* DATA PROVIDED *
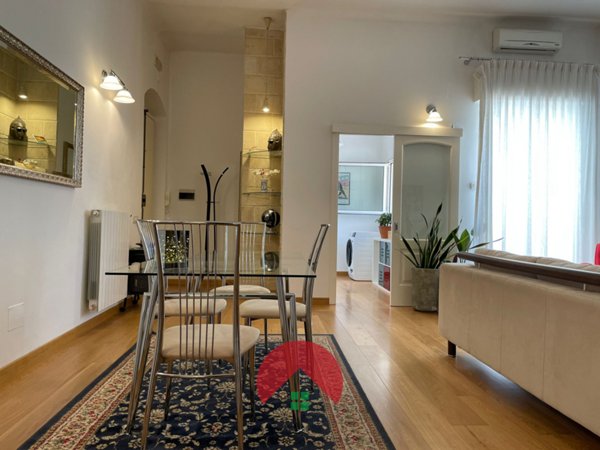 appartamento in vendita a Matera in zona Centro Città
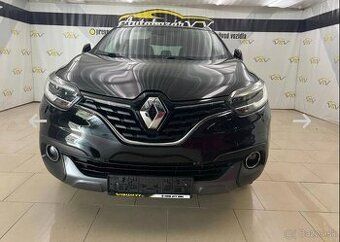 Predám Renault Kadiar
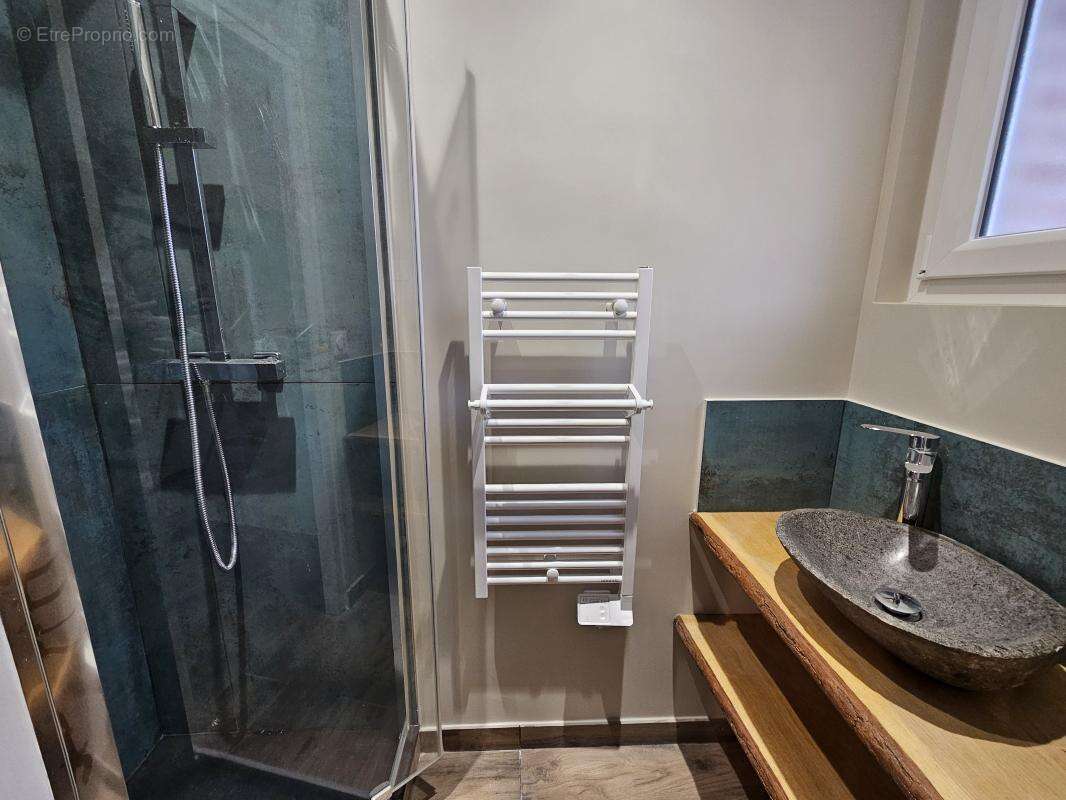 Appartement à TROUVILLE-SUR-MER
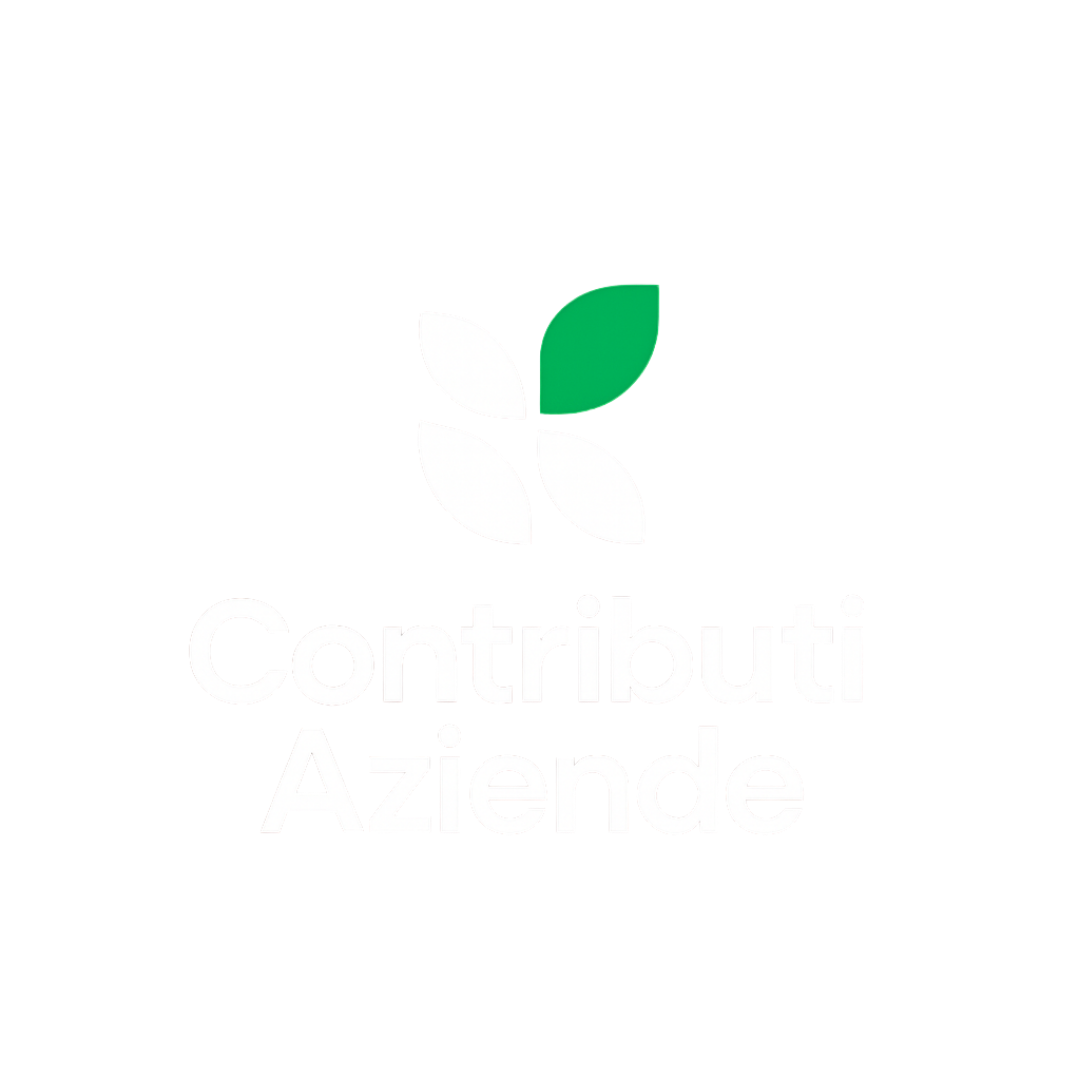 Contributi Aziende Logo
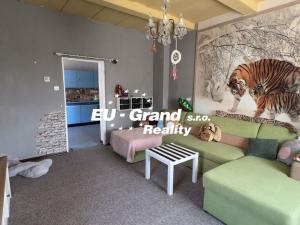 Prodej rodinného domu, Varnsdorf, 141 m2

* PROBLEM STATEMENT *
Skipping the pictures, output the entries exactly as they appear above.

* RESPONSE *
 appartamento in vendita a Matera in zona Centro Città
 Predám Renault Kadiar
 Appartement à TROUVILLE-SUR-MER
 Contributi Aziende Logo
 Prodej rodinného domu, Varnsdorf, 141 m2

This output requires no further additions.